The Arthur Rackham Collection was acquired in 1955 from the collector Dr. Arthur C. Hill of Sherbrooke, Quebec. Additional items have been added since and the collection now comprises some 200 monographs with illustrations by Rackham, numerous issues of the early magazines to which he contributed illustrations and some ephemera. It is representative of the artwork that Rackham produced throughout his career with examples of most of the different media in which he worked as a book illustrator.
The collection was acquired in 1992 from an American family that had been friends of Walter de la Mare (1873-1956). The collection includes most of Walter de la Mare's published writings, often in multiple editions; in many cases the dust jacket is present. Many of the volumes are author's presentation copies. The collection includes 135 titles, 89 letters from de la Mare, 3 photographic portraits and numerous off-prints.
Records for the holdings are in the McGill Library on-line catalogue.
The map collection consists of about 6,000 maps and 500 atlases, dating from 1556 to 1940. The collection strengths are discovery and exploration of North America, Montreal and Europe. Early atlases include Claudius Ptolemy's Geografia (Padua, 1620-1621), Thomas Porcacchi's L'Isole piu famuso del Mondo (Padua, 1620), and Andreas Cellarius's Harmonia macrocosmica (Amsterdam: Jansson, 1661). Significant maps in the collection include plates from the atlases of Willem Blaeu, Gerard Mercator and Abraham Ortelius.
The collection was formed by the Danish Kierkegaard scholar Prof. Gregor Malantschuk and acquired in 1980. The collection now numbers some 1553 monographs and includes a complete set of first editions of Søren Kierkegaard's works and a reconstruction of a significant part of his private library. A copy of the sale catalogue of his library is also part of the collection.
The Blackader-Lauterman Collection of Rare Books was formed following the First World War from two private endowments and augmented by numerous donations and purchases. Architectural treatises from the Renaissance to the 18th century are at the core of the Blackader-Lauterman Collection. First and early editions of Vitruvius, Alberti, Serlio, Palladio, Scamozzi, Vasari, Vignola, du Cerceau, Blondel, Perrault, and Ledoux are among the most important titles.

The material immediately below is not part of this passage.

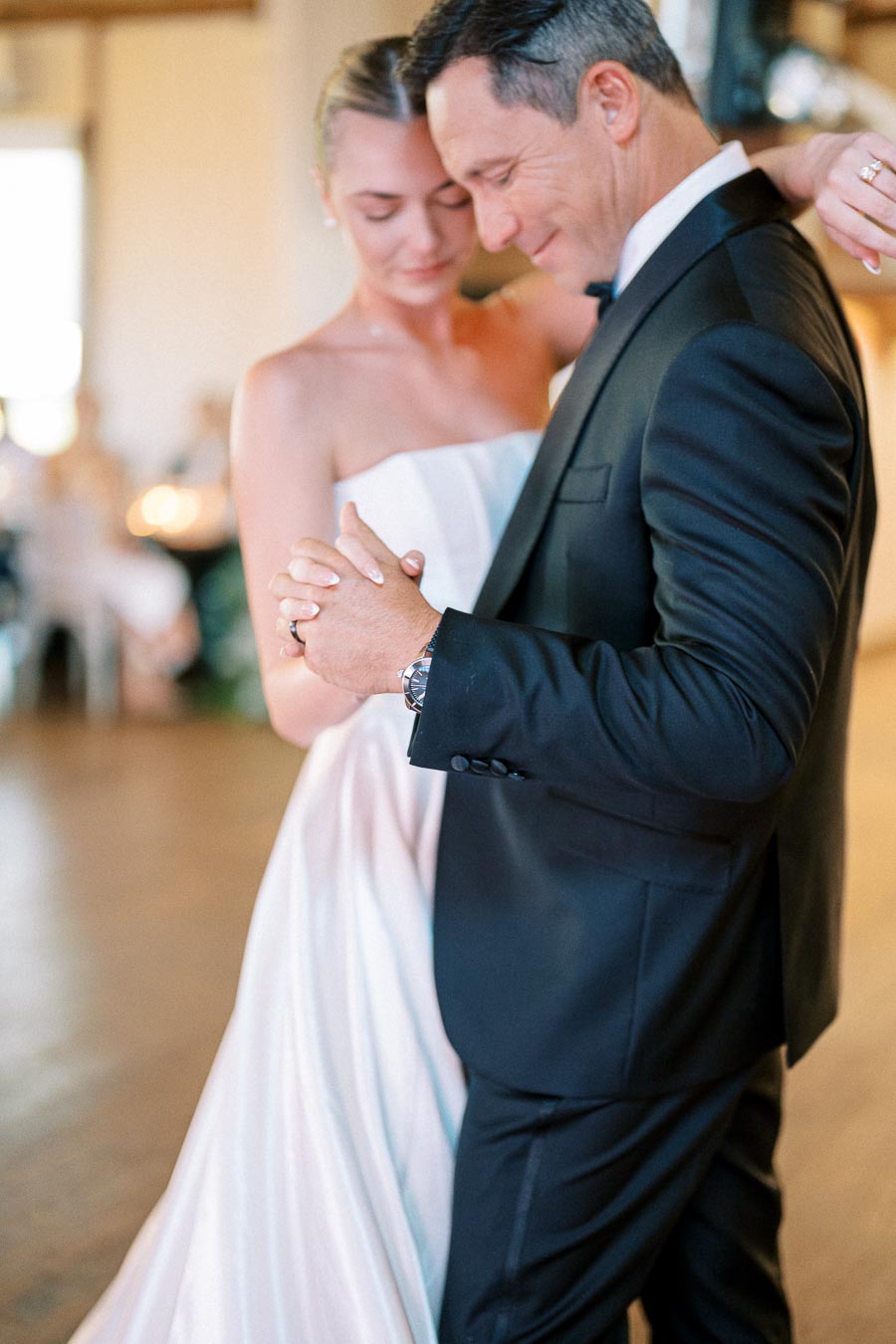 A bride in a white wedding dress shares a dance with a man in a black suit at a wedding reception, highlighting a tender moment on the dance floor.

There are some two hundred and twenty-five medieval European manuscript books, including complete texts, fragments of texts, single leaves and initials. These date from the late eighth or early ninth centuries to the eighteenth century. Although Italian material of the fifteenth century predominates, there is also French and German material and some English and Spanish.
The Napoleon collection was a particular interest of the University Librarian, Richard Pennington, (1947-1964) and was developed during his tenure. Beginning with a small donation of books and prints from the Canadian publisher Frederick Southam, the collection was assembled with the advice of Paul Fleuriot de Langle, curator of the Musée Marmottan in Paris and a specialist in Napoleon and the art of the Empire, and of the Parisian print dealer Paul Prouté.
Montreal maps span the years 1556 to 1940. Examples of these are: Gastaldi's La Terra de Hochelaga nella Nova Francia (1556) from Ramusio's Navagationi, John Adams' Map of the city and suburbs of Montreal (1825) and James Cane's Topographical and pictorial map of the city of Montreal (1846). Early maps of Quebec include the manuscript map of Samuel Gale and John B.